Going Hybrid

Most IT operations have worked with public cloud setups of one sort or another. Most often, workloads have focused on archiving and backup, but the realization that the cloud model is a powerful way of organizing workloads efficiently and building an agile and scalable IT operation has triggered mainstreaming of the cloud. Even so, concerns about loss of control and data security have changed the view of cloud usage and today most operations are looking to a more advanced model where a private, in-house cloud is joined with public clouds to create a hybrid cloud.

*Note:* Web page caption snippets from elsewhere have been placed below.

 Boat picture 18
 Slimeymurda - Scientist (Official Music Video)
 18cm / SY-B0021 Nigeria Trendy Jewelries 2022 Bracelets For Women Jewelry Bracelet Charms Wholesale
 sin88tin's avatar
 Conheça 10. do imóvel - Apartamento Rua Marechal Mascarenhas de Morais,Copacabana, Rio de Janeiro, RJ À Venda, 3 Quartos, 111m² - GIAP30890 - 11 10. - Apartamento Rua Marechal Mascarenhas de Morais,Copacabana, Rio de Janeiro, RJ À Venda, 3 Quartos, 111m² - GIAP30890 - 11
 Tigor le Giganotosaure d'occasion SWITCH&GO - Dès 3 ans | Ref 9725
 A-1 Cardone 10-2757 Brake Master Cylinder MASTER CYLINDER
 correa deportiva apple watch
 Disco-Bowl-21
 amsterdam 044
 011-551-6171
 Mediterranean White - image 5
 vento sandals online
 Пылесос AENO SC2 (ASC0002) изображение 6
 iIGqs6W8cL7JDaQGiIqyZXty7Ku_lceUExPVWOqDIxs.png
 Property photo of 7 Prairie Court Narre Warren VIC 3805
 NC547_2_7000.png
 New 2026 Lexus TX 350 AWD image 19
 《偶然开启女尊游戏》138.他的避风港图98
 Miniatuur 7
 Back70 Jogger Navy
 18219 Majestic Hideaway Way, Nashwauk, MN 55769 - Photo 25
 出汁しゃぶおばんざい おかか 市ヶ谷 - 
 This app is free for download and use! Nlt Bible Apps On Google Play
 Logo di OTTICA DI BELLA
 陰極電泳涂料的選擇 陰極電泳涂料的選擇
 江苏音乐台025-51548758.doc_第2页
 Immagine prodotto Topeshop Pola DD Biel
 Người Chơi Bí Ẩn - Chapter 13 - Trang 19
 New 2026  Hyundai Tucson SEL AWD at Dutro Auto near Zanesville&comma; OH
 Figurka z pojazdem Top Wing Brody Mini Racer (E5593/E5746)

To understand the requirements of a hybrid cloud we need to look at the strengths of the public cloud approach. First, there are hardware needs to be met. A cloud is built on a Lego principle. Server “bricks” are essentially identical COTS units, with no proprietary frills. This doesn’t mean they are all identical, since evolutionary processes in server design make that both uneconomic and technically limiting.

The key is that, like Lego, they all interconnect to the LAN and to storage in the same way, using Ethernet. This is crucial to a solid deployment. (There are some special-purpose clouds that use InfiniBand, though this adds a lot of complexity to deployment.)

COTS units are available from all the major vendors and now low-cost units are appearing from the ODMs that service the large cloud providers, offering a way to buy high-quality gear while saving considerably. As a result we can expect the cost of purchased hardware to drop considerably over the next two years.

Network switches are candidates for the new software-defined network approach, where most of the “smarts” of the switch software migrate into the virtual server pool, making the physical switches simpler and cheaper.

Storage, in the end, is a game of drives. The cloud providers all buy direct, but you’ll find that drives in distribution are much cheaper than proprietary drives from major server/storage vendors. The limitation is that some of these traditional vendors require the proprietary drives, which have an identification code built in, so be careful if you wish to use the distribution approach.

Hyper-converged systems are a variant of the COTS approach. The evolution of SSDs has shrunk the array from 60 drives down to an appliance with 12 drive bays, which in effect is the same configuration as a server. It was a no-brainer to take the step to unify storage and server boxes and that’s hyper-convergence in a nutshell.

Hardware doesn’t make a cloud, however. Without some very specific pieces of software, we’d just have business as usual. These are commonly called the cloud stack, though the typical stack isn’t monolithic or off-the-shelf yet. Almost everyone looking at a private cloud is using OpenStack, an open-source development that is maturing quickly, though Microsoft’s Azure is piloting a cut-down version of its cloud.

OpenStack provides orchestration software that controls creation and tear-down of virtual machines and also the resilient operation that protects against server failures. It allows the creation of virtual server and VLANs and supports connections to other tools in the OpenStack family. These include storage and authentication services, messaging and databases.

Setting up OpenStack can be a challenge. Many of the pilot projects stall with small cluster sizes due to difficulties with software configuration, especially in networking. With this in mind, several companies are delivering software tools that automate cloud-building and then help manage resources out over time, so that adding storage or servers is near seamless. In a real sense, they provide the OpenStack experts you need to cover that period when in-house expertise is just building, but they also provide time-savings and error avoidance in later phases of the cloud.

One of the values of the hybrid approach is cloud-bursting, where a job stream overflows its resources and public cloud instances can be invoked to take up the excess load. Cloud-bursting needs careful data management. You don’t want to be loading terabyte size files into the public cloud and delaying start-up. Solutions include sharding data sets to keep some work in the cloud or to limit updates that need to be sent. While there aren’t yet good automation tools for this, manual sharding is often good enough.

Among other critical issues to consider in setting up a hybrid, the need for version control discipline is high on the list. It’s easy to leave old images lying around, especially in public clouds. Joining these with newer code in a cloud-burst can cause errors or, even worse, open up an attack surface.

With hybrid clouds having multiple departmental users setting up and running their own virtual machines and app mashups, consider restricting the repositories they use for code pulls and install software to validate signatures on downloaded items. A certified in-house image library is a good way to do this.

Finally, there’s a great deal of discussion and many useful blogs around the hybrid cloud. The concept is still new and the community is a good source for up-to-the-minute information on issues and how to avoid or recover from them.